Не терпится ей. Хочется помчаться стрелой. Но Кайтусь останавливается, лижет пораненную камнем лапу.
– Беги одна.
– Нет.
Иногда длинная дорога кажется короткой, а иногда короткая – бесконечной. Лишь поздним вечером добрались они до Зосиного дома.
Сидит на крыльце мама Зоси, а на коленях у неё детская шапочка и туфелька. Встала Зося передними лапами на крыльцо, заглядывает маме в глаза. Лижет ноги, скулит, прыгает.
– Ты откуда? Чего тебе?
А в голосе тревога, словно мама что-то предчувствует.
«Узнает», – подумал Кайтусь.
Нет, не узнала. Ведь люди верят только своим глазам.
Не узнала мама родную дочку.
– Иди ко мне, собачка. Люди не могут найти мою Зосю, так, может, ты найдёшь. На, понюхай её шапочку. Будем искать вместе.
Обняла мама Зосю, а та лижет её в глаза, в лицо.
Снова отдых. Снова тёплое молоко. Перевязанная рана быстро зажила.
– Останься ещё, – просит Зося.
Грустно расставаться после стольких совместных приключений. Но пора в дорогу.
Одному легче отыскать пропитание, но тяжко одиночество.
Узнал Кайтусь за время этого одинокого путешествия, что чувствуешь, когда тебя продают, осматривают и прицениваются.
Познакомился с цепью.
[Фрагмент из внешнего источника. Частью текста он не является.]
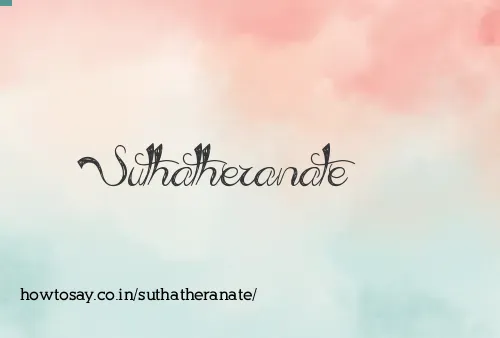 Suthatheranate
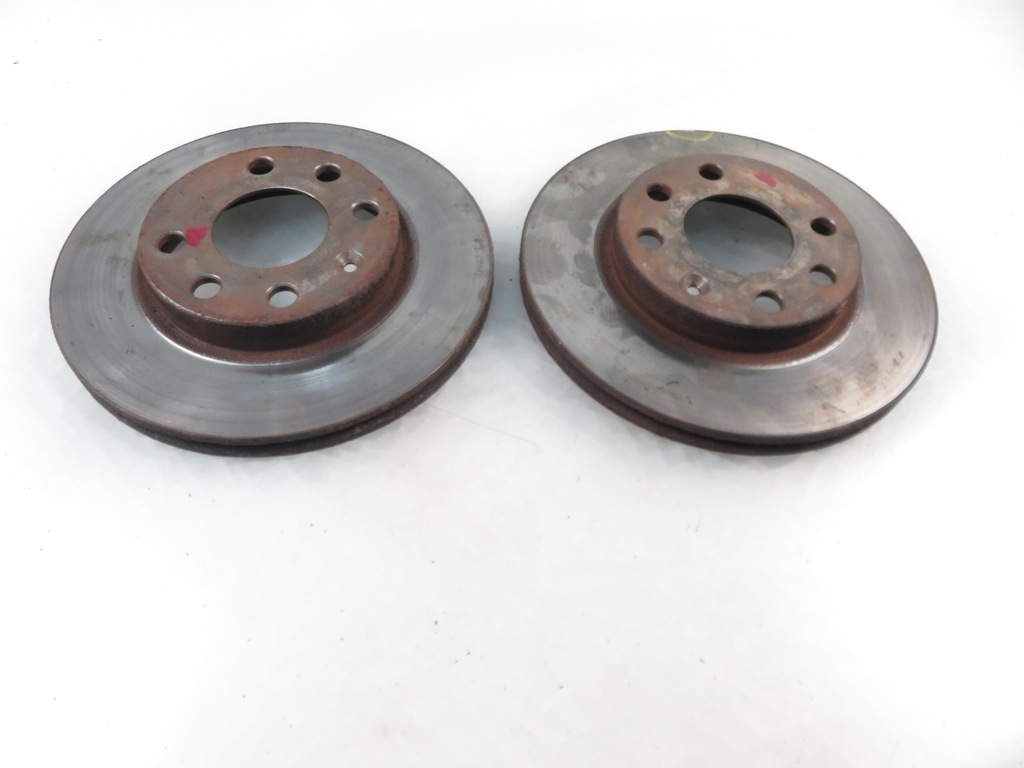 фото №1, Тормозные диски тормозные перед chevrolet aveo kalos 1.4 b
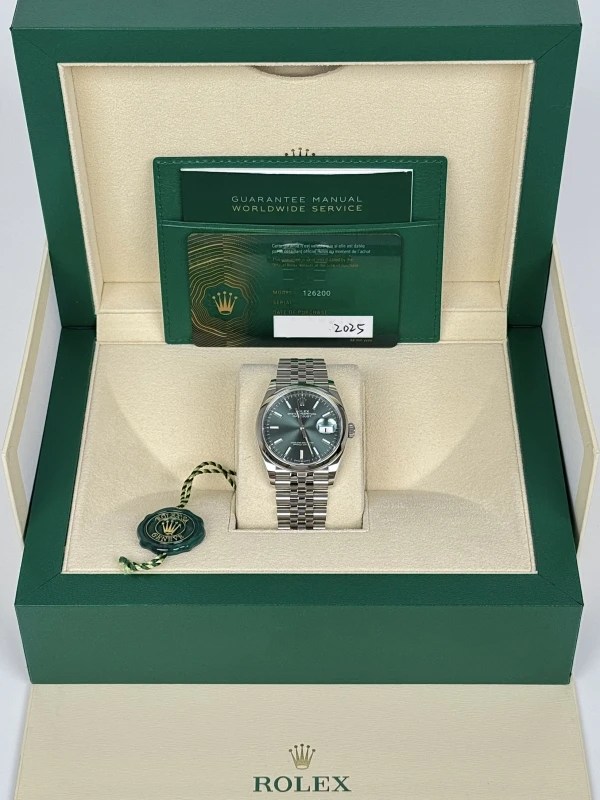 Rolex Datejust 36 mm Steel 126200-0023 5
Узнал, что значит иметь хозяином капризного мальчишку, которому для забавы подарили собаку. Не избавила судьба Кайтуся и от самой страшной собачьей беды: поймал его петлёй живодёр. За что? За то, что он живёт и хочет жить?
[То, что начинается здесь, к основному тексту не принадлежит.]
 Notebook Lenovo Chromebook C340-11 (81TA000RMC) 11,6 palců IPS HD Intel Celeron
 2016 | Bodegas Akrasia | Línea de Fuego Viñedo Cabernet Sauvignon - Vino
Вырывался Кайтусь, но потом по-человечьи притворно присмирел, а когда решётка раз и навсегда готова уже была закрыться за ним, по-собачьи вцепился зубами в руку живодёра, выскочил из клетки и убежал.
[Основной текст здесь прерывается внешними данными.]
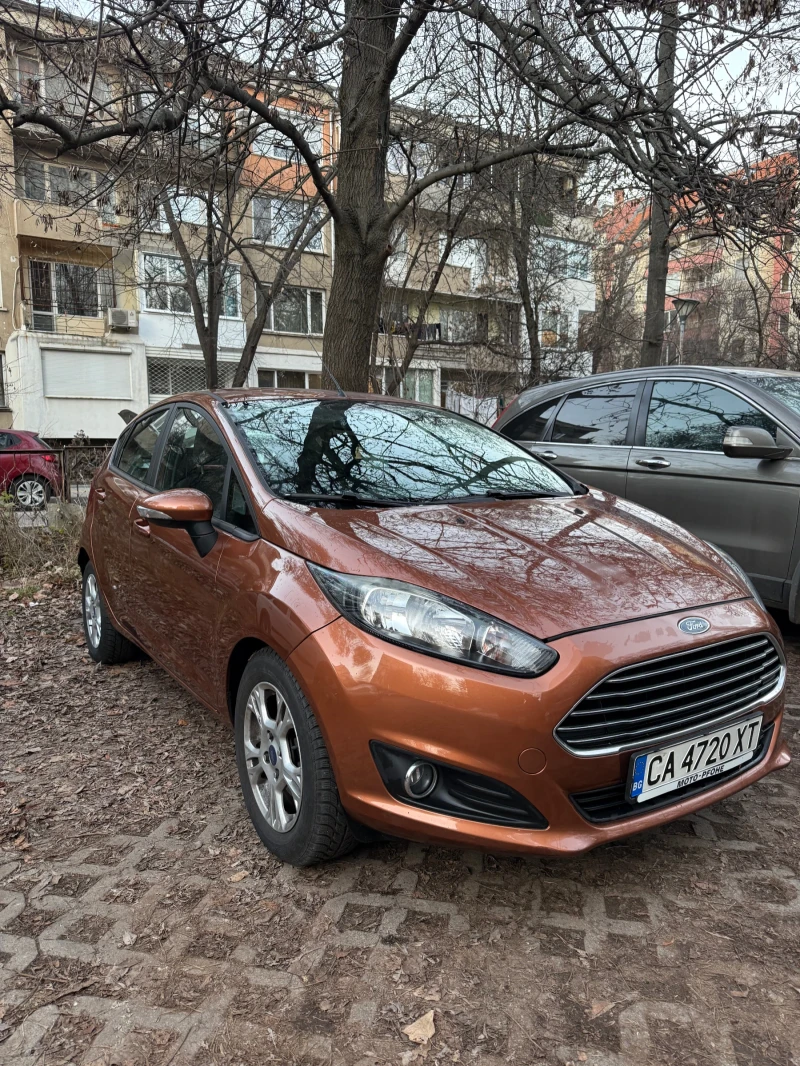 Ford Fiesta, снимка 5 - Автомобили и джипове - 52868116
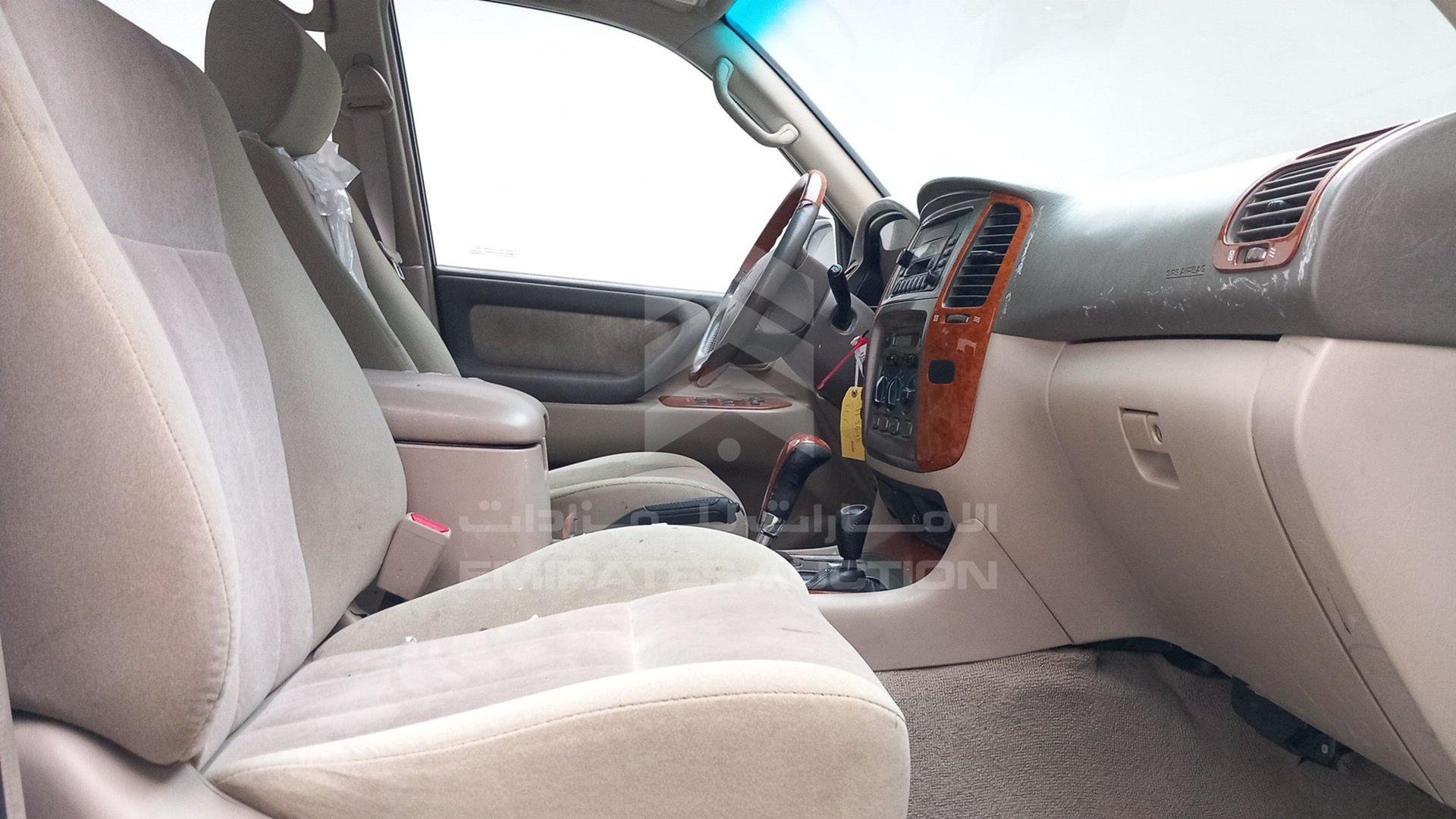 2007 TOYOTA LAND CRUISER VIN: JTEHJ09J675160923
Вот разве что хороших два дня провёл он у бедного пастуха. Голодно было, но это ничего. Здесь он был не игрушкой и даже не животным, а – равным, близким – другом, братом. И когда расставались Кайтусь и пастух, то долго с грустью смотрели друг на друга, понимая, что не скоро забудут про эту встречу.
Когда силы иссякли, Кайтусь снова испробовал счастья на железнодорожном вокзале. Дважды не удалось. Один раз двери в вагон были закрыты, а другой раз сбросили его пинком уже на ходу. На третий раз заметила его девушка, ехавшая в город на работу.